The API Does Not Remember Your Conversation — You Must Send It Every Time | Context Management & Reliability

The Claude Messages API is stateless. Every request must include the complete conversation history — all previous user messages, assistant responses, and tool interactions. If you send only the latest message, Claude has zero access to prior context. The conversation starts fresh.

There is no session ID, no conversation ID, no server-side state, no automatic context retention.

The Common Failure

A chatbot works perfectly for turns 1 and 2. On turn 3, Claude responds as if no conversation happened: “I don’t have any search results to analyze” — despite a successful tool call in turn 2 that returned valid data.

The developer sent only the new user message in turn 3’s request. The tool_result from turn 2 was not included. Claude literally does not know the search happened.

What Must Be in Every Request

The complete message sequence:

All user messages
All assistant responses (including tool_use blocks)
All tool_result messages
The current new user message

Missing any piece — especially tool_result messages — breaks the conversation. The assistant’s tool_use request and its corresponding tool_result must both be present for Claude to know what the tool returned.

The Data

History management	Customer satisfaction	Context-loss complaints
Complete history every request	95%	2%
Intermittently truncated history	52%	41%

A 43-point satisfaction gap from a serialization bug that intermittently dropped messages from the array. Same model, same prompt, same topics — the only variable was whether the full history was included.

Cross-Session Continuity

Customer leaves a chat, returns hours later expecting context preserved. The API remembers nothing between requests — let alone between sessions.

The solution: store the complete message array in a database, keyed by customer/conversation ID. When the customer returns, load the full history and include it in the next request. Claude sees a seamless conversation.

Managing Very Long Conversations

For 50+ turn conversations, sending the full history every request becomes expensive. The adaptive strategy:

Normal conversations (≤20 turns): Send complete history every request
Long conversations (50+ turns): Use a Case Facts block (preserving critical values) plus recent messages. The Case Facts persist essential context while trimming old narrative turns.

This is where K5.1.1 (structured case facts) connects: the persistence mechanism that preserves precision during summarization also serves as the compact representation for long conversations in the stateless API.

Things That Do Not Exist

Conversation ID parameter — No such feature. The API has no reference mechanism for prior requests.
Server-side session state — No conversation is stored server-side. Each request is independent.
Automatic context retention — Not for 24 hours, not for any duration. Zero server-side persistence.
Cache reference tokens — The API cannot retrieve state from external caches.
Turn limits on server state — No server state exists to have limits on.

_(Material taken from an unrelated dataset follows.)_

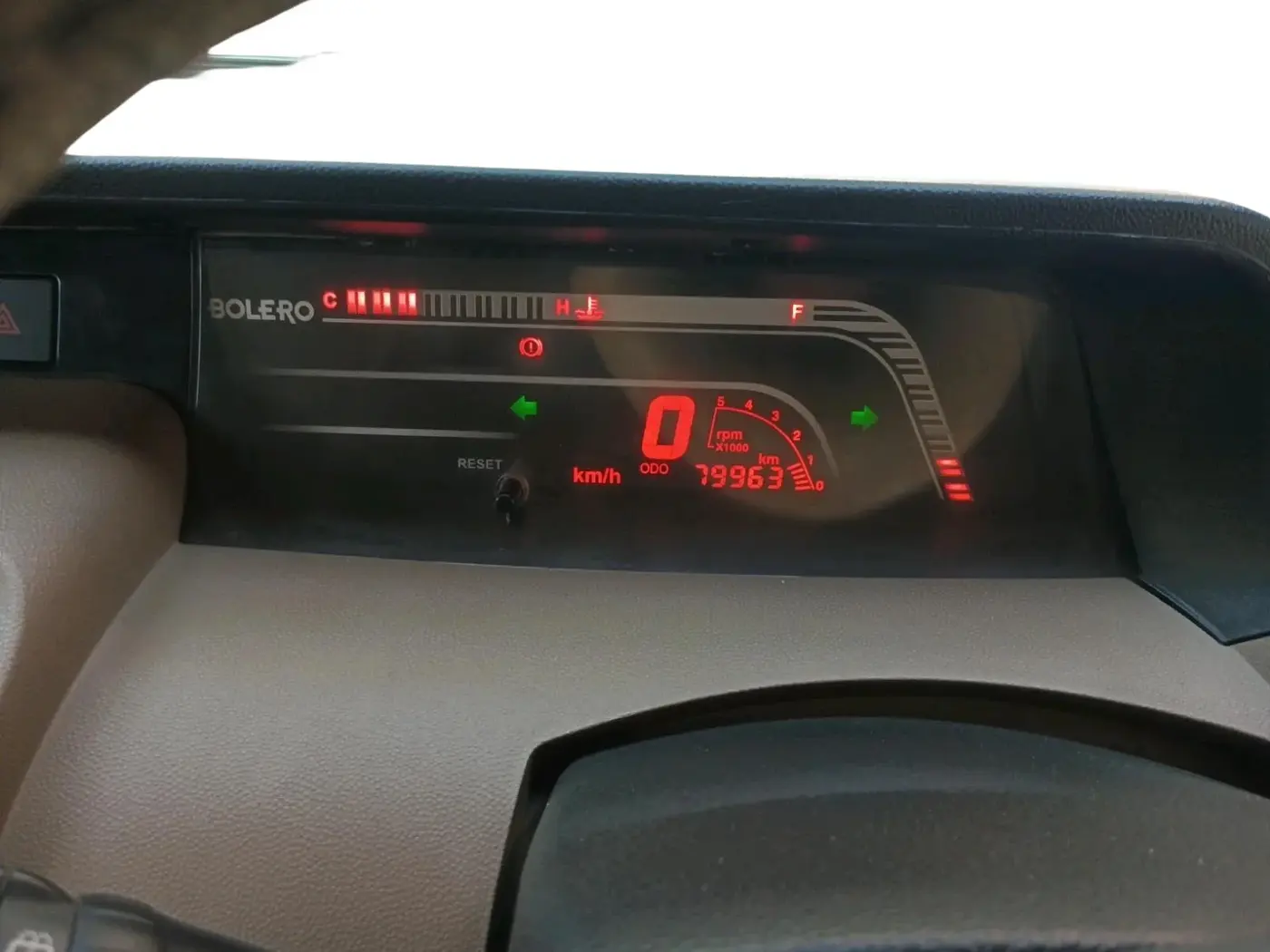 2021 Mahindra Bolero B6 (O), Diesel, Manual, 79,963 km, interior
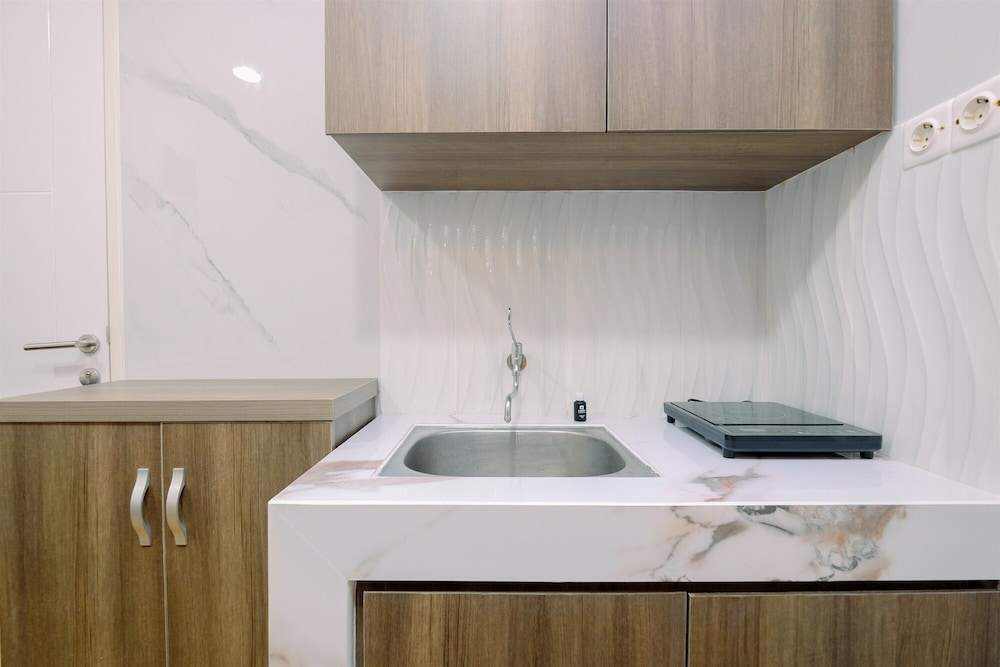 Best Deal and Modern 1BR Sentul Tower Apartment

Debugging Intermittent Context Loss

If some turns maintain context while others lose it, the issue is in the client-side history management. The first diagnostic step: log the complete messages array being sent with each request. Compare working turns against broken turns. The broken ones will have incomplete or truncated history — likely a race condition or serialization bug.

System prompt instructions cannot compensate for missing history. If previous messages are not in the request, no instruction can make Claude reference information it does not have.

One-liner: The Claude API is stateless — every request needs the complete message history (all turns, all tool results) because nothing is remembered server-side, and a serialization bug that drops history causes a 43-point satisfaction collapse.